March 18, 2009

4 days and counting. Its been interesting. Not exactly fun, though. Im not sure if im aware of the circumstances. 5:30 am, im wondering what to do, in tears. A 5yr old cheers me up, says i have a beautiful smile (i wasnt smiling). Shared tea, made by me! with some women who thought the tea was the best they'd had. *it wasnt very nice*. Got one thing done on the list *it'll be some task getting the possession*. Have lots more to do. Doesnt really matter where i am. I like it now. Fever, cough, sprained hand killing me *thought it was broken*, i wish my head would just fall off and go somewhere or atleast stop hurting! But its been some experience.
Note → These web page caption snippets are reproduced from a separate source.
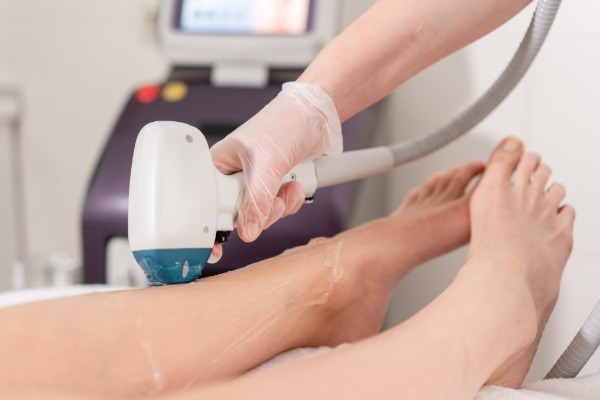 Laser & IPL Hair Removal, Permanent Hair Reduction Information Image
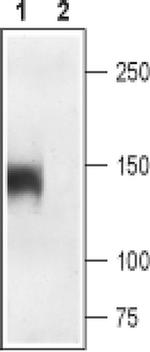 CaV1.1 (extracellular) Antibody in Western Blot (WB)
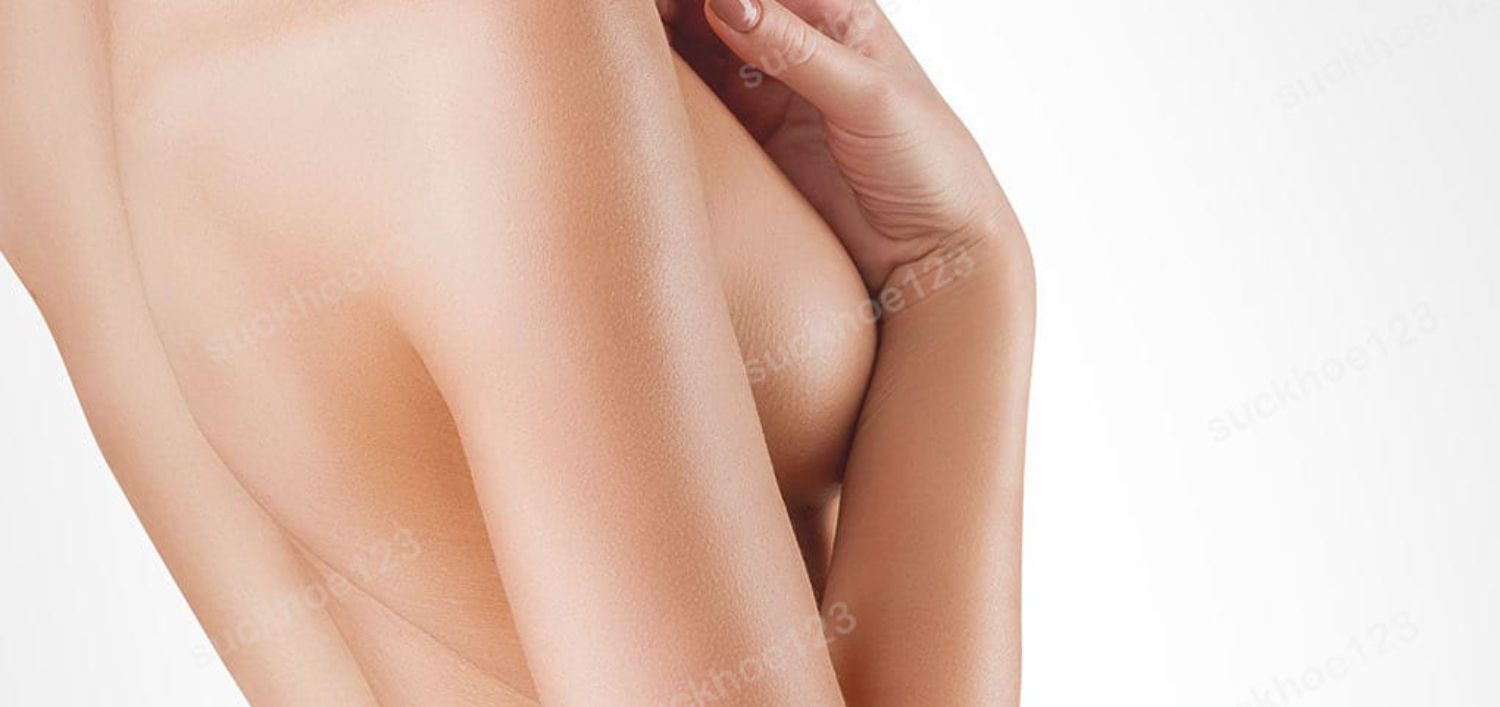 Khi nào cần kết hợp treo ngực sa trễ với nâng ngực bằng túi độn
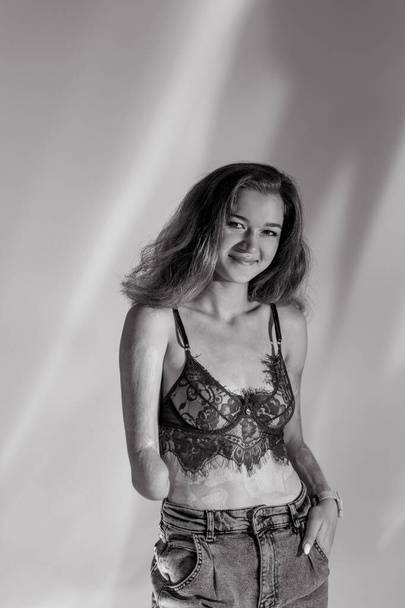 Smiling young woman with amputee arm and scars from burn on her body poses in lacy bra. The concept of a fulfilling life of persons with disabilities. Black and white image. - 写真・画像
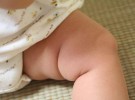 Dolor de cadera en el bebé: Sinovitis transitoria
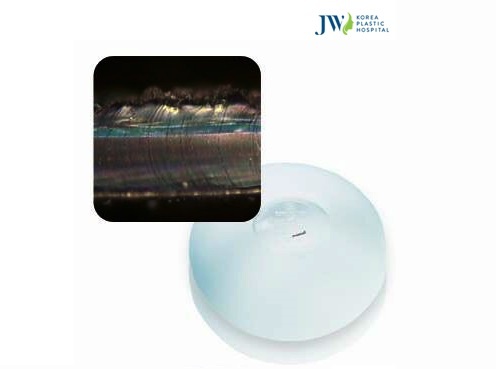 nang nguc Nanochip tai benh vien JW anh 1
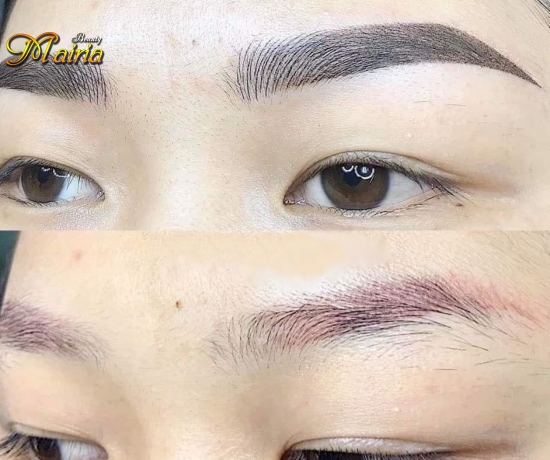 Quy trình thực hiện xoá sửa mày trổ xanh trổ đỏ 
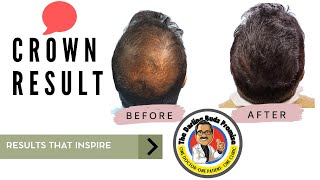 An amazing RESULT after hair transplant in India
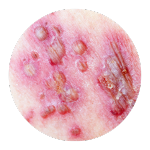 Imagem de um ícone representando a sessão Herpes Zoster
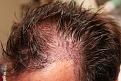 Click image for larger version

Name:	sm2 immediate post-op R profile.jpg
Views:	439
Size:	96.8 KB
ID:	470847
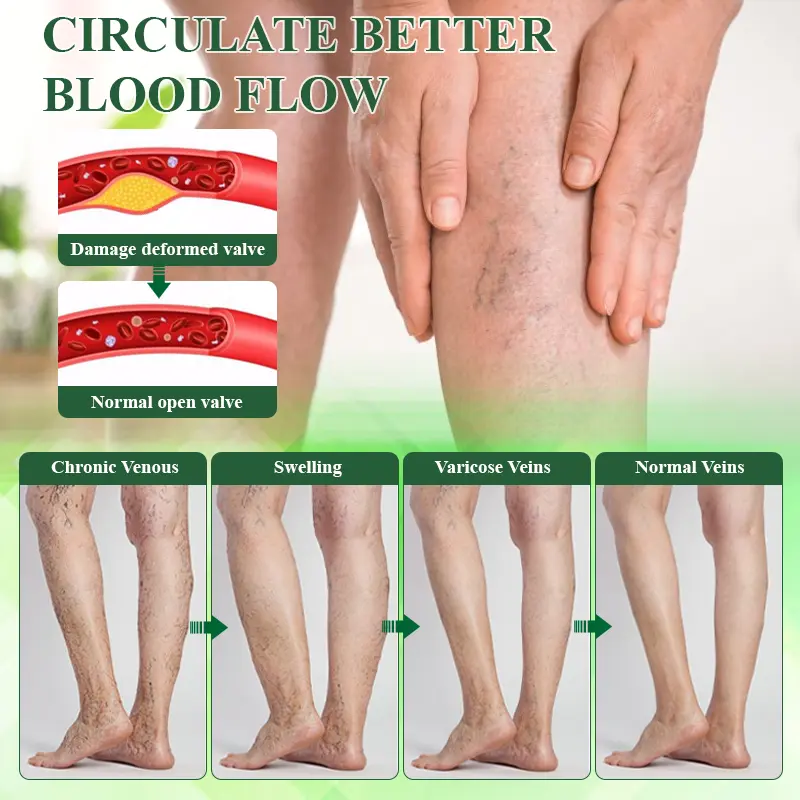 VeinoRoll Therapy Edema Comfort Cream - Image 7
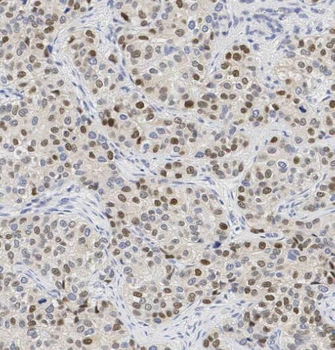 RAN Rabbit Polyclonal Antibody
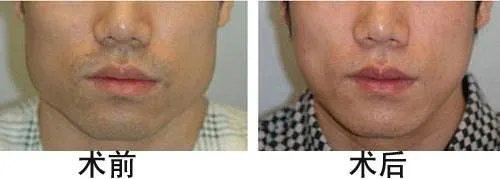 男士整容需要多少钱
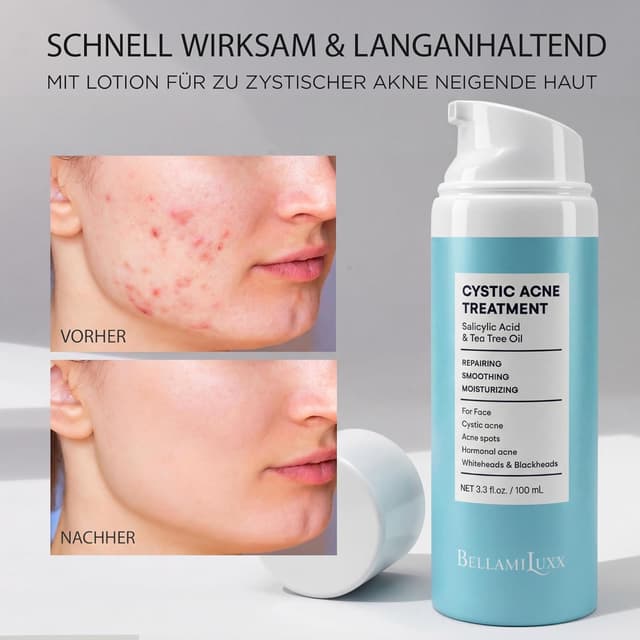 Detalle de BellamiLuxx Akne Creme Hautpflege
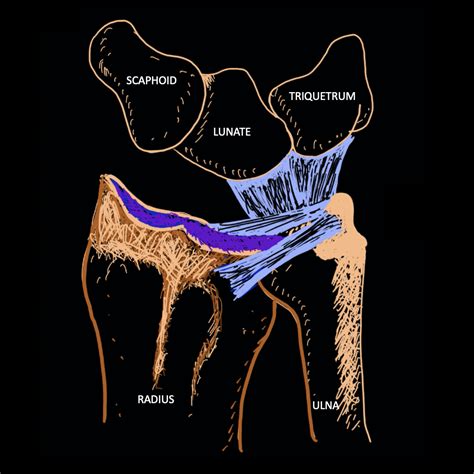 Triangular Fibrocartilage Complex Anatomy Pulse Md
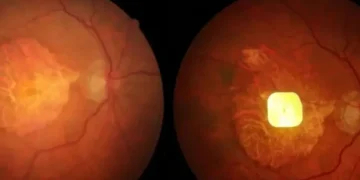 Implan Mata Bertenaga AI Bantu Pasien Buta Kembali Membaca Setelah Bertahun-Tahun Tanpa Penglihatan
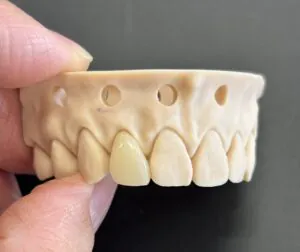 Porcelain Veneers in Seattle: No-Prep & Minimal Prep Options | Moritis & Shin Dentistry 2 IMG 2719 scaled e1785644216824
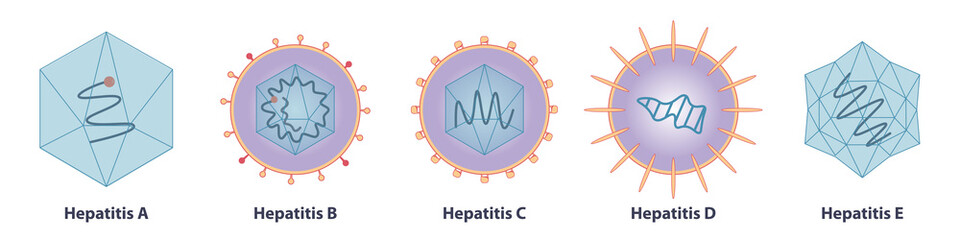 Five main types of viruses cause hepatitis: hepatitisviruses A (HAV), B (HBV), C (HCV), D, (HDV) and E (HEV)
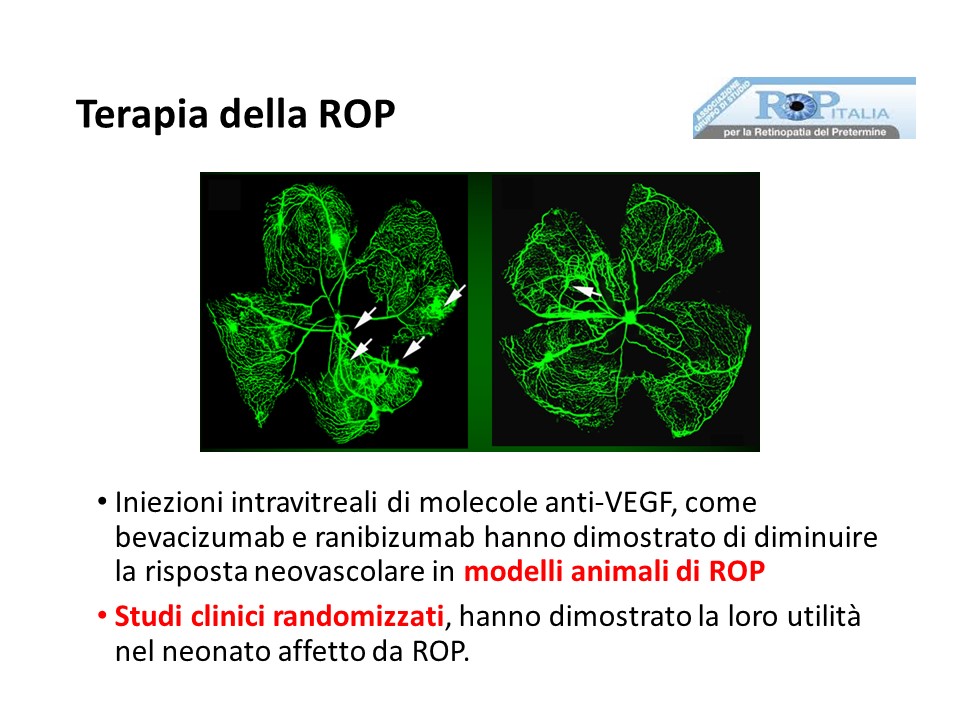 Retinopatia del prematuro (ROP) - Malattia vascolare della retina nei neonati pretermine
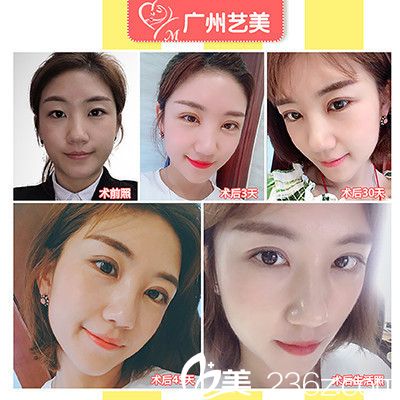 广州艺美张涛院长做的切开双眼皮案例 广州艺美张涛院长做的切开双眼皮案例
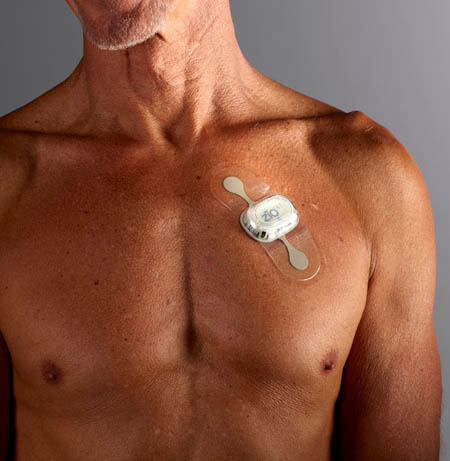 ManwearingZIOpatchProvidenceHealth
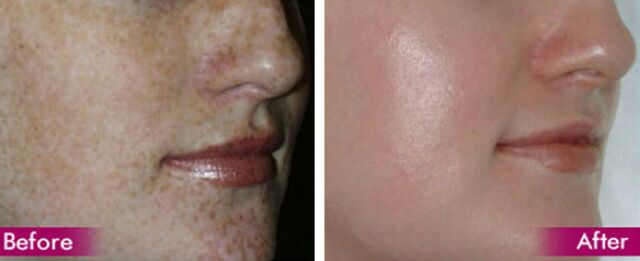 Acid malic làn da trắng sáng 10g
I wonder how long i can do this, but then it doesnt matter. I'll manage. There were weak moment *loads*. Lost my notebook *painful*, sprained my hand *it really hurts for some reason*, cried to get my bag back *prick, i could've killed him* and some more. Im not sure why im doing this, not anymore, anyway. I guess nothing will work out. Did i expect something else? Maybe not. I just moved on. Trying to erase that part of me. A child's smile, the stray pup, making tea, sleeping in a cafe while pretending to read, SMSs *thank you*. Its been tiring, painful and exasperating. But im okay. I feel something. I know i do.

2 comments:

X said...

Seriously, hats off woman!

Ananya said...

I don't know whether everyhting's as unclear as you make it appear.but then what the heck,3yrs and hopefully more...I am getting used to it.